Waldman began writing while at home with her first child. She had returned to work after Sophie's birth, "breast pump in one hand and briefcase in the other."

But the writer called it quits when she became jealous of all the time her work-at-home husband was sharing with the baby.

She soon discovered that staying home wasn't her cup of tea. "I looked for support at the playground," she recalls. "I said to the other mothers, 'Doesn't this kind of suck?' and everyone would look at me like I was a criminal."

With four children to care for, Waldman says, she writes "from car pool to car pool" while Chabon writes at night. In between soccer games, school activities and orthodontist visits, she and her husband always find time to talk about their work.

"We do this thing called 'plot walks,'" Waldman says. "We'll walk for hours, hashing through a plot problem. That's where we help each other the most."

Waldman is at work on another novel, Winter's End, which she says was inspired by the women who confronted her on Oprah.

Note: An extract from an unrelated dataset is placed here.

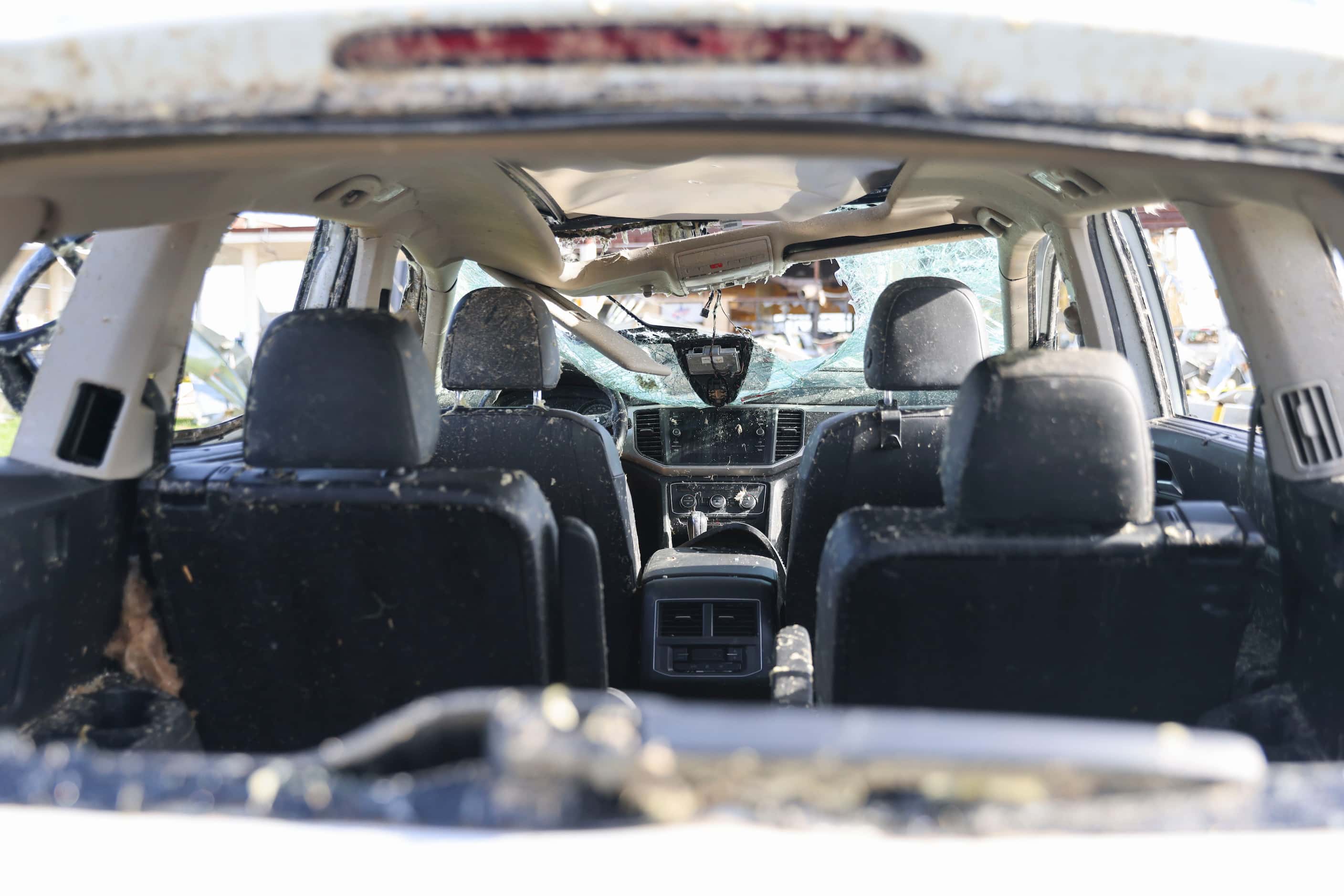 Inside a damaged car on the side of the road by a Shell gas station, on Sunday, May 26,...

"I looked at those women and thought, 'That's the kind of person I want to write about': the person who prepared herself so completely for a professional career, was single-minded about it, then got married and had children and found herself with a totally different life.

"It's a good life in this sort of Madame Bovary way," Waldman says. "It's beautiful and perfect and seems to be just what you want but ends up becoming a gilded cage."